Historian James Whetter disputes the Cornish motto ‘One and All’, suggesting that local rivalries render it untenable. Mullion residents were known to outsiders as ‘gulls’ because they once threw a live seagull over a cliff for making too much noise, while the cuckoo was allegedly walled in at Poughill, St Agnes, Gorran, Towednack and Zennor. Mevagissey shares with Hartlepool the dubious distinction of hanging a monkey as a French spy, Mousehole men were ‘cut-throats’, Morwenstow men ‘wreckers’ and:
Camborne men are bulldogs,
Breage men are brags;
Three or four of Germoe men
Will scat (knock) ‘en all to rags.
Cornwall was recalled by Salome Hocking by ‘the smell of the salt sea mingled with the perfume of dog-roses and new-mown hay’ but, perhaps, it is the characters who really make the place. Here are two stories to conclude, one rather cruel, the other demonstrating thrift and independence. An aged farm-worker from Gorran awoke each morning to the crowing of his cockerel, then walked two miles to his workplace at Bodrugan. In the early hours of one morning local youngsters shone a torch into his chicken-house, the cock crew and the old boy rose and walked to work, undaunted by the darkness. A young labourer from Warleggan lost his right leg in an agricultural accident just before the outbreak of the First World War; during the war one of his friends lost his left leg in battle. They both survived until fairly recently and, each year, bought a new pair of boots.

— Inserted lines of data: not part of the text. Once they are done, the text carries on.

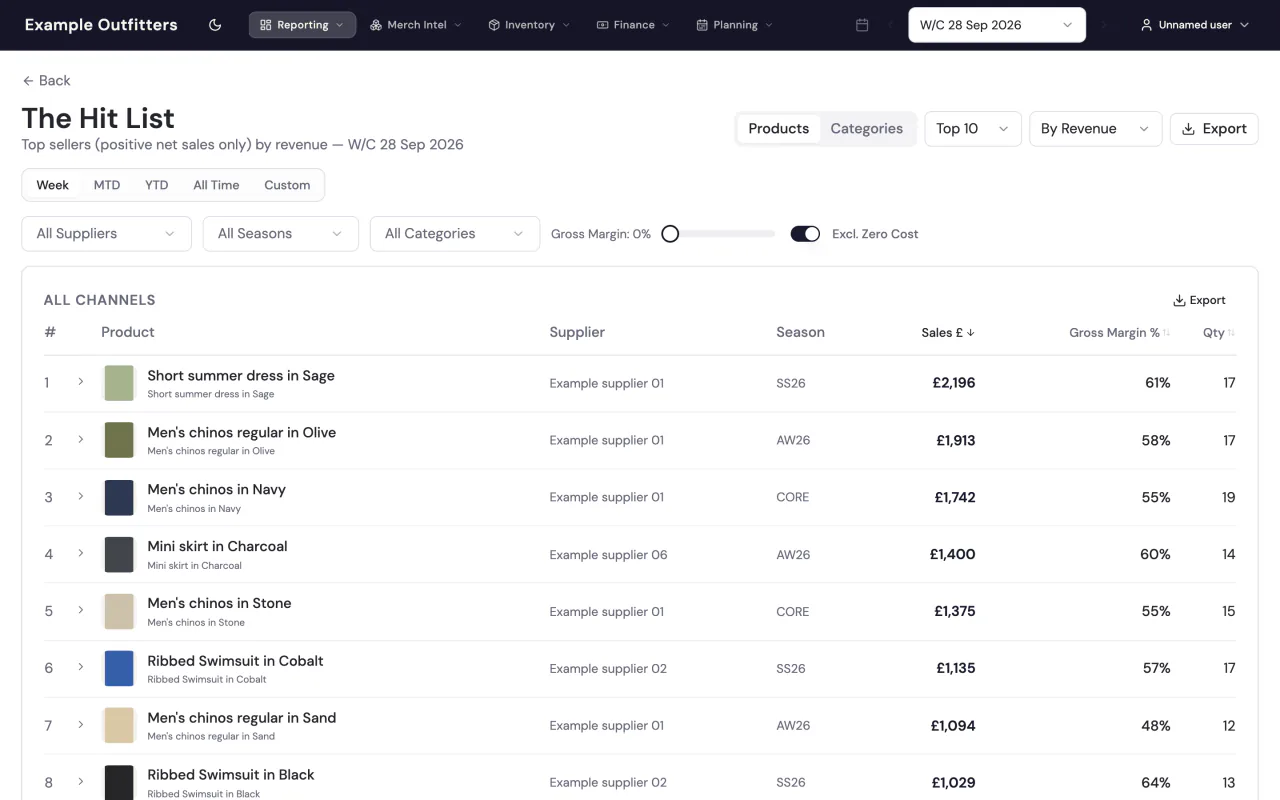 Retail Loom's Hit List: top sellers for the week by revenue, with supplier, season, gross margin and units.
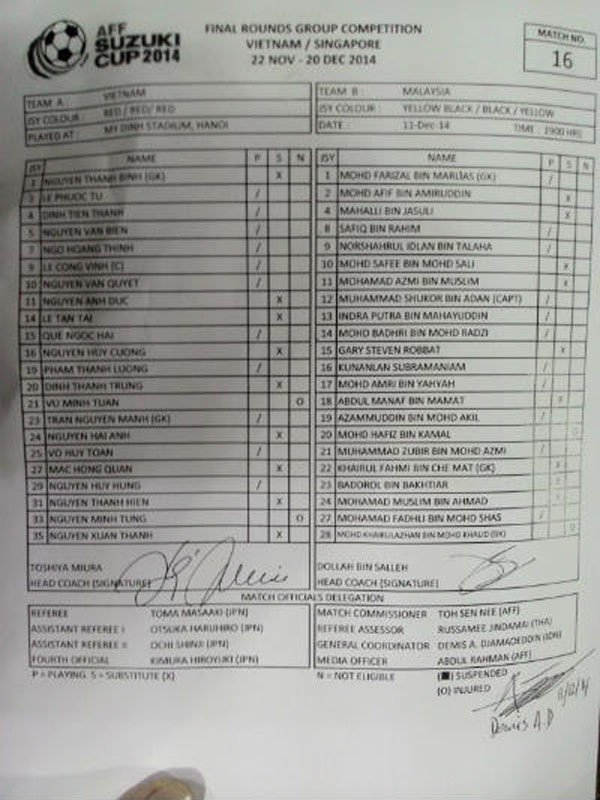 Việt Nam vs Malaysia (2-4): Ác mộng Mỹ Đình ảnh 7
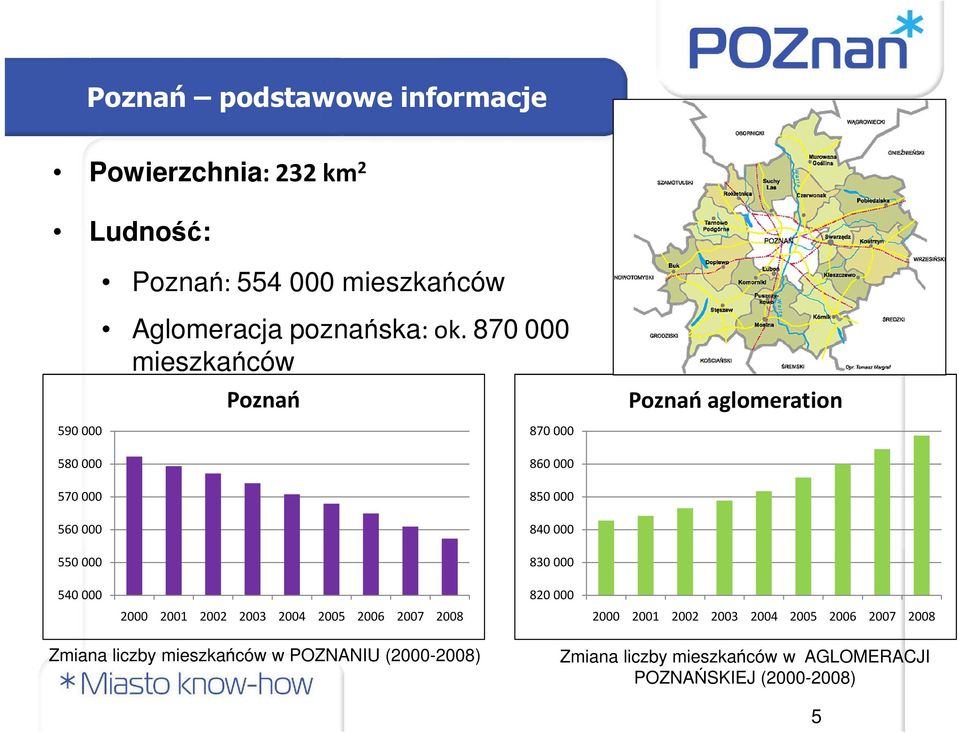 870 000 mieszkańców Poznań 870 000 Poznań aglomeration 580000 570000 560000 550000 540000 2000 2001 2002 2003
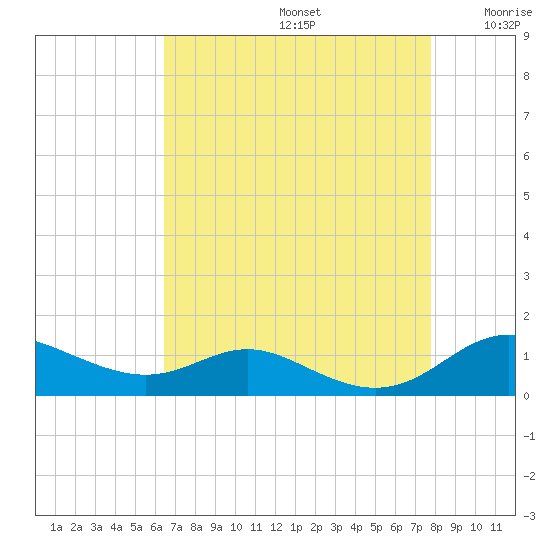 Mountain Point tide chart for Saturday, August 24, 2024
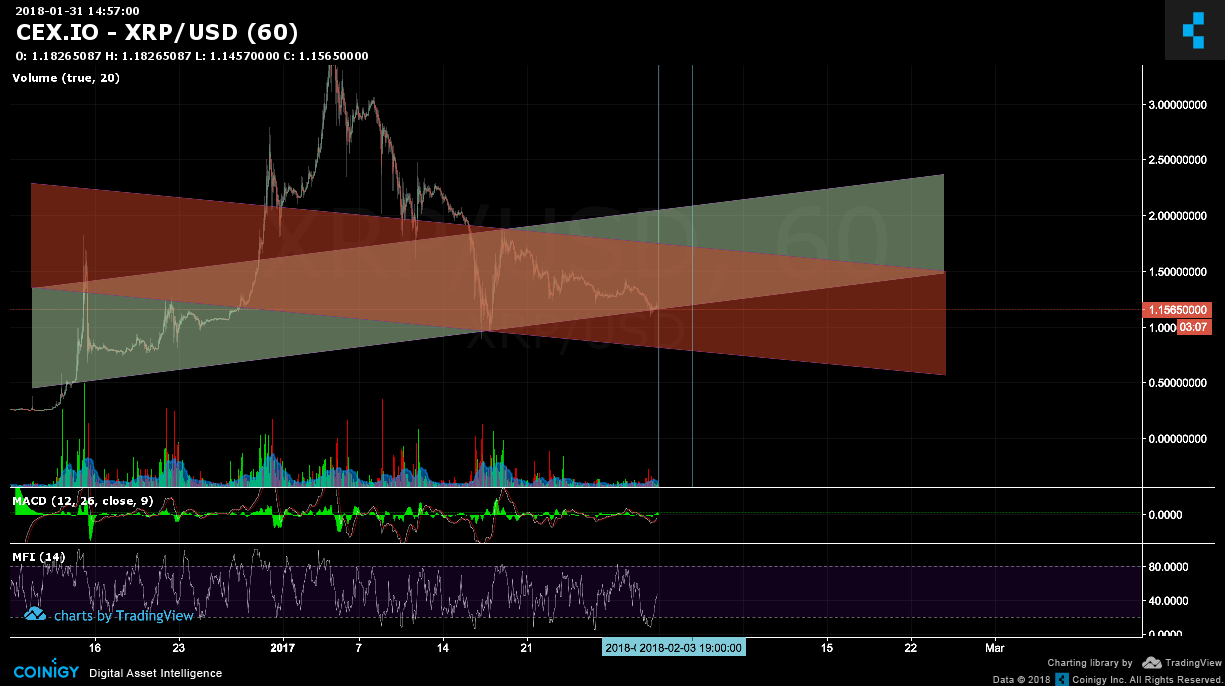 xrp_total view.png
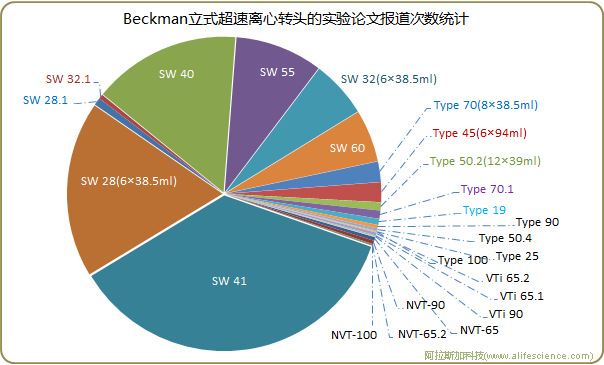 Beckman Optima立式超速離心轉(zhuǎn)頭的實(shí)驗(yàn)論文報(bào)道次數(shù)統(tǒng)計(jì).jpg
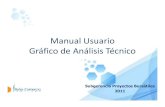 manual Gráfico analisis tecnico.pdf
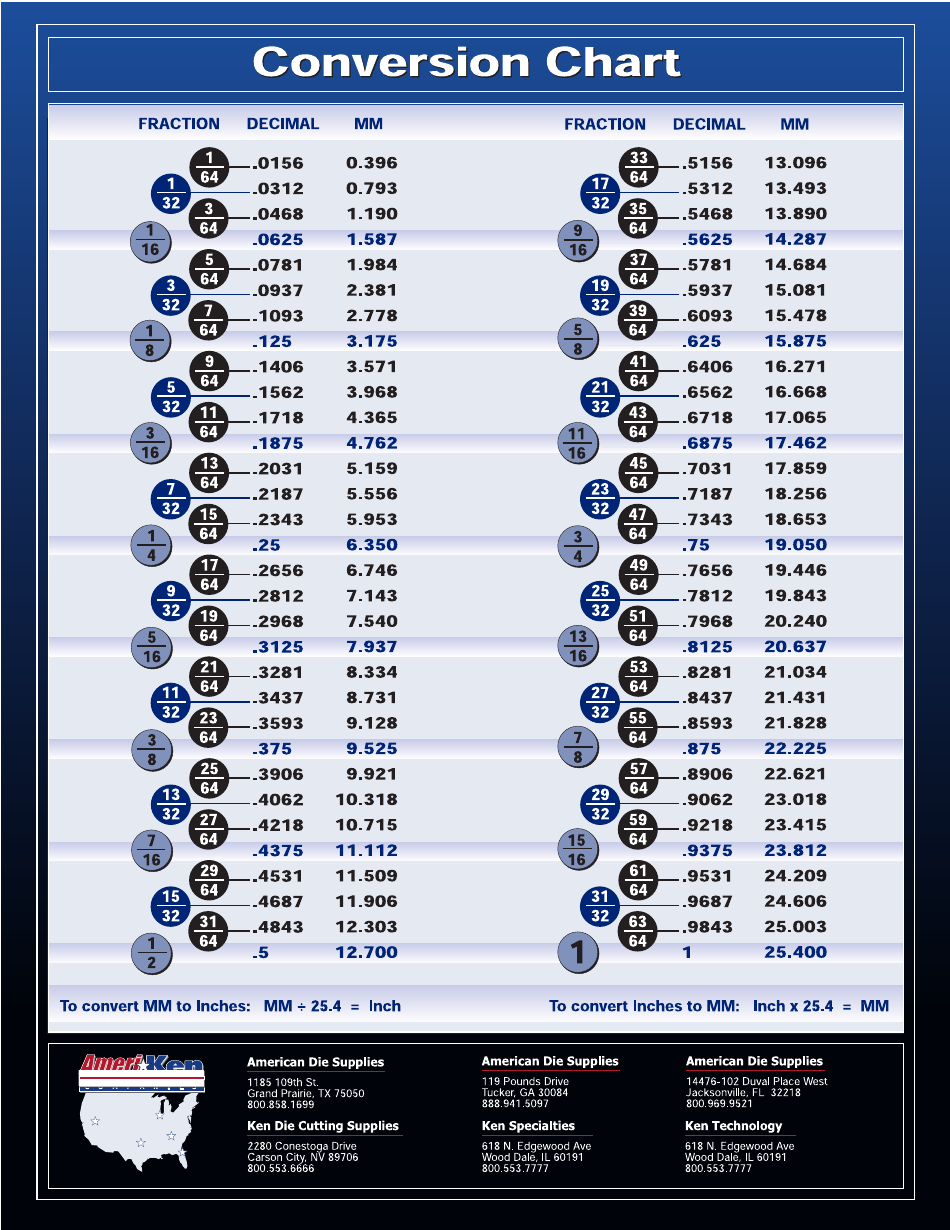 Fraction Decimal Millimeter Conversion Chart Blue Download Printable PDF Templateroller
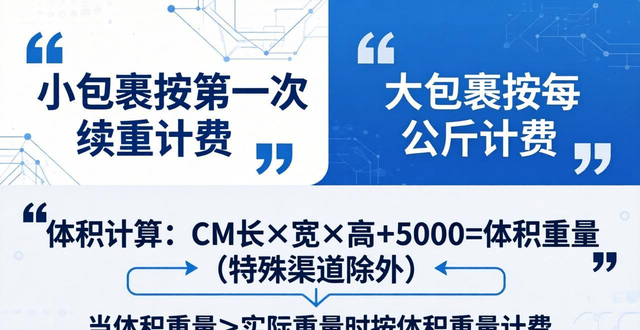 寄国际快递常见的问题有哪些?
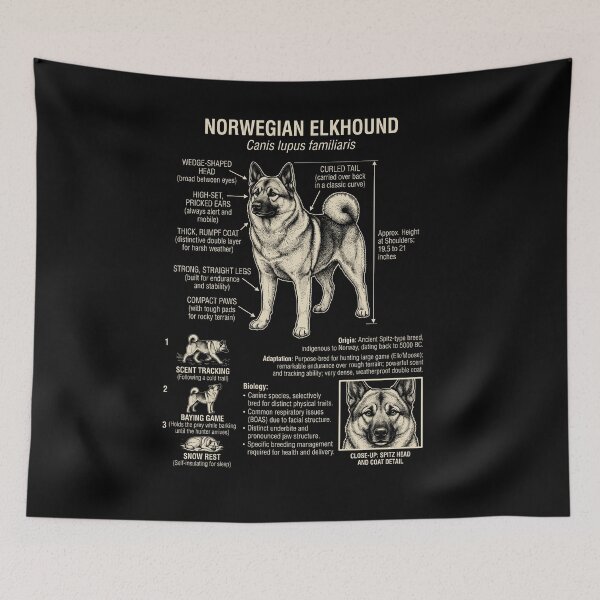 Item preview, Norwegian Elkhound Scientific Anatomy Biology Dog Lover designed and sold by Kimberley King Art  King Art.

Life in old Cornwall was hard. Poverty and hunger were never far away and a stroll around any Cornish churchyard will show how rare was longevity before the last century. The customs and beliefs which relieved the monotony sometimes suggest forgotten religions, sometimes fear, but many provided the working people’s only pleasures: moments when the reality of existence could be forgotten. We shall see in later chapters how certain beliefs survived in specialised areas and how the annual ‘calendar’ customs played their part in folk life, but here we are concerned with living and dying: from cradle to grave with numerous traditions in between. Some of the beliefs, of course, still continue but most have gone with an easier living standard. The people themselves must surely approve of this new comfort but, perhaps, they still regret their lost culture.
First we bought the porridge-crock
And then we bought the ladle
And then we bought a little cheeld
And had to buy a cradle.
So said a rhyme current only a few years ago. Even then the ‘little cheeld’ was setting out on a life filled with tradition. If it was a boy born during a waning moon, the next child would be a girl and vice versa; if, though, the birth occurred while the moon was growing, the next child would be of the same sex. A baby born between the old and new moons would have a short life and the unfortunate child with a blue-veined nose would not reach twenty-one years. No baby’s hands were washed in its first year for its riches would be sluiced away, and cutting its nails during the same period produced a thief. Hair, too, was allowed to grow until the moon had waned, preventing baldness in old age. Children born in May were regarded as unfortunate and, similarly to ‘ne’er casting a clout’, to:
Tuck (short coat) babies in May,
You’ll tuck them away.
In some parts of Cornwall a ‘groaning-cake’ was made after a birth, presumably from the mother’s agonies in labour; it was expected that every caller and well-wisher should sample a slice and it was regarded as ill-mannered to refuse. The following custom was, perhaps, connected to this belief: when a christening-party was on its way to church an essential ingredient was a large currant cake, the ‘cheeld’s fuggan’ or ‘christening crib’. An offering cut from the cake, known as ‘kimbly’, was given to the first person met on the road. Sometimes, among the really poor, the kimbly was nothing more than a piece of bread but the belief was always that if the person to whom the morsel was offered accepted it, the child to be christened would avoid any supernatural influences in later life. The custom continued until at least the 1930s for, in 1932, a christening-party on its way to chapel in St Ives presented a total stranger with a biscuit. The kimbly had grown more sophisticated but still retained its power. Incidentally, a similar practice was observed in the Isle of Man.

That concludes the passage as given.